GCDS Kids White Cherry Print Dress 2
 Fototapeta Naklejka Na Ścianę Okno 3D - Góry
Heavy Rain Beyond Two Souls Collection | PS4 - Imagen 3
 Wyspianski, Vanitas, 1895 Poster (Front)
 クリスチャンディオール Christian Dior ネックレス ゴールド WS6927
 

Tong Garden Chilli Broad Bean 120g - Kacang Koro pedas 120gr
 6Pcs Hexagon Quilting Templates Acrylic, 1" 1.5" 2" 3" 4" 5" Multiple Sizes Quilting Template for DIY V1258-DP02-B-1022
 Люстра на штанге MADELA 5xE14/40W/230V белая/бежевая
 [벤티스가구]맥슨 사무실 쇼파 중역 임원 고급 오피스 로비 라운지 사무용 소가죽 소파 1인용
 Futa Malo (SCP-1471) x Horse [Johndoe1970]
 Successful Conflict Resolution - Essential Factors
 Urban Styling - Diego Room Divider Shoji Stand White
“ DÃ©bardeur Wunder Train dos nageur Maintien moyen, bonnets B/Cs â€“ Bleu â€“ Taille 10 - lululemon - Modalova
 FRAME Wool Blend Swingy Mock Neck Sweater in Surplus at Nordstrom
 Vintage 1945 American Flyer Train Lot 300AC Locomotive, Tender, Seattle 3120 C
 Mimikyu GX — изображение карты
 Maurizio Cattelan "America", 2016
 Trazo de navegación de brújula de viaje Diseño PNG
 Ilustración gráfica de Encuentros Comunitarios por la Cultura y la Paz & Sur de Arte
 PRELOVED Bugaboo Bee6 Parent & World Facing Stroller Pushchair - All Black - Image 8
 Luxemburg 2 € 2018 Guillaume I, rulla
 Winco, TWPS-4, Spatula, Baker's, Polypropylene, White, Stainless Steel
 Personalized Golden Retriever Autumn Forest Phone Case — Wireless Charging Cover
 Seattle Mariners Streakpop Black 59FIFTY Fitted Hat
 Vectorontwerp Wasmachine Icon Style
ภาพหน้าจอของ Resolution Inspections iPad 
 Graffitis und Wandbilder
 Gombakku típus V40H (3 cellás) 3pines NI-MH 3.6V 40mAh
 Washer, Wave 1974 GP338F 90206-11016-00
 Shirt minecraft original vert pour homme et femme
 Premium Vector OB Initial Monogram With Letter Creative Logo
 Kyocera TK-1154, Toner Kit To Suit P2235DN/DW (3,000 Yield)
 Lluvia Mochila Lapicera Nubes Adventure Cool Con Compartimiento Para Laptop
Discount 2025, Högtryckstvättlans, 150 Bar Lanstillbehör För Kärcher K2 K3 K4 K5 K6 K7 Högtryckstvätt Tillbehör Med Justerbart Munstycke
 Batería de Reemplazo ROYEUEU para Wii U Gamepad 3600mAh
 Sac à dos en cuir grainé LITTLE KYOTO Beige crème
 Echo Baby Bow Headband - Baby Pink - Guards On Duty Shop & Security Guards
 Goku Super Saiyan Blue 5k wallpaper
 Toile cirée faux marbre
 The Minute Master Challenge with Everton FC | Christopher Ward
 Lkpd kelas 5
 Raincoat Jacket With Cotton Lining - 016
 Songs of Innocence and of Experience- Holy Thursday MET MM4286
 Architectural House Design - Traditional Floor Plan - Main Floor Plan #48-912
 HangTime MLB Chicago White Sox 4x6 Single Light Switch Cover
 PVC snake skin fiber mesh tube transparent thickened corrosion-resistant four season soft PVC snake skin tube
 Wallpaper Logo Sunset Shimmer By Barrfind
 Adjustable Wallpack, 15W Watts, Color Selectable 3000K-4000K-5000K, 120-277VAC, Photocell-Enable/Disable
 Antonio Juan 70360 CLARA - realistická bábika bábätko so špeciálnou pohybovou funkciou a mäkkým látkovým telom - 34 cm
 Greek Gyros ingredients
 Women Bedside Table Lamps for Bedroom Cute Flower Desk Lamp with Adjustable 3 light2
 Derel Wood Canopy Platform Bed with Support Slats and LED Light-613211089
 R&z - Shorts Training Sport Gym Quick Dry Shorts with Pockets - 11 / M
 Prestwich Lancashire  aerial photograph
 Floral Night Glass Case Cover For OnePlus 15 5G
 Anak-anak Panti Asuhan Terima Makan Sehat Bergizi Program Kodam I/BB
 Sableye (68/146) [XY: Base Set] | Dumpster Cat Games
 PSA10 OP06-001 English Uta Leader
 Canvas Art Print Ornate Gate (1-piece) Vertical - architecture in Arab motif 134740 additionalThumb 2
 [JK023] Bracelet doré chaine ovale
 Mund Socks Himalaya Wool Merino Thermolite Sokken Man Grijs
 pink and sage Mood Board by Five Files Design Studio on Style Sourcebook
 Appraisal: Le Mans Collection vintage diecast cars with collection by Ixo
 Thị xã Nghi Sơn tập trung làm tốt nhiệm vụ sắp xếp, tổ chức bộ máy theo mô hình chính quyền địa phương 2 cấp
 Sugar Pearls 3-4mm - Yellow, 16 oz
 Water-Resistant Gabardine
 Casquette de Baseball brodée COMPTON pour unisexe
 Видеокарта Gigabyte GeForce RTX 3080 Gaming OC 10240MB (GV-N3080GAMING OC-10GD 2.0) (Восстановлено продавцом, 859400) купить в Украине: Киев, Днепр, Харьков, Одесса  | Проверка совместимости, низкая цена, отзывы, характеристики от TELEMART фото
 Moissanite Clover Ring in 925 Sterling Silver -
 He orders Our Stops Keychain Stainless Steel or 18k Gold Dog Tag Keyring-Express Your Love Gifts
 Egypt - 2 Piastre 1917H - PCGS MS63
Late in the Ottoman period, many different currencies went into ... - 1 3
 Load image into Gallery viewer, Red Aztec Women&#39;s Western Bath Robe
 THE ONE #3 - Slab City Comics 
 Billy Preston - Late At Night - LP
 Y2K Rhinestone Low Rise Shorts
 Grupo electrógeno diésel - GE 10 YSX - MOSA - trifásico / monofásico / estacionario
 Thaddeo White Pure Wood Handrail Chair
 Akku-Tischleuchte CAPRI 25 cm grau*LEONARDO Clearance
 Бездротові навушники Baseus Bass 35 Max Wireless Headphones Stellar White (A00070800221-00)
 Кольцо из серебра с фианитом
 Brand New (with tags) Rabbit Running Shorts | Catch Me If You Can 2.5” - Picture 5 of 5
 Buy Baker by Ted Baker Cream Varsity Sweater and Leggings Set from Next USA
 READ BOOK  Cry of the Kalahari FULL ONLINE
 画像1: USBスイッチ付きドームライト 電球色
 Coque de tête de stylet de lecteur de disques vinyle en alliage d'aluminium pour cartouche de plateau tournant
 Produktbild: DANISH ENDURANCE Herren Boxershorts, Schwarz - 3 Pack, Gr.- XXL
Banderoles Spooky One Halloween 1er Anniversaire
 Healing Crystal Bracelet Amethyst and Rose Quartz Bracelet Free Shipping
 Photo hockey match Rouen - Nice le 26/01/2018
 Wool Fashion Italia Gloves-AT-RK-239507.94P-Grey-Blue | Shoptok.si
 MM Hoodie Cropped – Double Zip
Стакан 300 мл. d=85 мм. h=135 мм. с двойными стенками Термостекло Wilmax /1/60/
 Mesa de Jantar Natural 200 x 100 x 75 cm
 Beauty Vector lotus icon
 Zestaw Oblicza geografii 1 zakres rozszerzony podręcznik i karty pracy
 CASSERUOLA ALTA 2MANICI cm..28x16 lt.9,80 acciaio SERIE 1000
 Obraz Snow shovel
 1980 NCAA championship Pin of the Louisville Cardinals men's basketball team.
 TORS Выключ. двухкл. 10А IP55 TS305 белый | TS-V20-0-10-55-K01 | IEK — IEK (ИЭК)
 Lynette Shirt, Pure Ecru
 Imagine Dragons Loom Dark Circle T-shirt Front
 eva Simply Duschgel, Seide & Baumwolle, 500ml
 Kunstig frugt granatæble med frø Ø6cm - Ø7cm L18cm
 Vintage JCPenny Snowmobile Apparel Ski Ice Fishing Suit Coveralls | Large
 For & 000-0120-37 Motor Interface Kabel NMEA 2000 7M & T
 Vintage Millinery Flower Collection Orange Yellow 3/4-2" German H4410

================================

▶ _WHAT YOU NEED TO DO_
Keeping every character as it is, restate the lines above that run from the line with "Buy Baker by" through the line with "Imagine Dragons Loom", both included, and nothing else.

▶ _ANSWER SPACE_
 Buy Baker by Ted Baker Cream Varsity Sweater and Leggings Set from Next USA
 READ BOOK  Cry of the Kalahari FULL ONLINE
 画像1: USBスイッチ付きドームライト 電球色
 Coque de tête de stylet de lecteur de disques vinyle en alliage d'aluminium pour cartouche de plateau tournant
 Produktbild: DANISH ENDURANCE Herren Boxershorts, Schwarz - 3 Pack, Gr.- XXL
Banderoles Spooky One Halloween 1er Anniversaire
 Healing Crystal Bracelet Amethyst and Rose Quartz Bracelet Free Shipping
 Photo hockey match Rouen - Nice le 26/01/2018
 Wool Fashion Italia Gloves-AT-RK-239507.94P-Grey-Blue | Shoptok.si
 MM Hoodie Cropped – Double Zip
Стакан 300 мл. d=85 мм. h=135 мм. с двойными стенками Термостекло Wilmax /1/60/
 Mesa de Jantar Natural 200 x 100 x 75 cm
 Beauty Vector lotus icon
 Zestaw Oblicza geografii 1 zakres rozszerzony podręcznik i karty pracy
 CASSERUOLA ALTA 2MANICI cm..28x16 lt.9,80 acciaio SERIE 1000
 Obraz Snow shovel
 1980 NCAA championship Pin of the Louisville Cardinals men's basketball team.
 TORS Выключ. двухкл. 10А IP55 TS305 белый | TS-V20-0-10-55-K01 | IEK — IEK (ИЭК)
 Lynette Shirt, Pure Ecru
 Imagine Dragons Loom Dark Circle T-shirt Front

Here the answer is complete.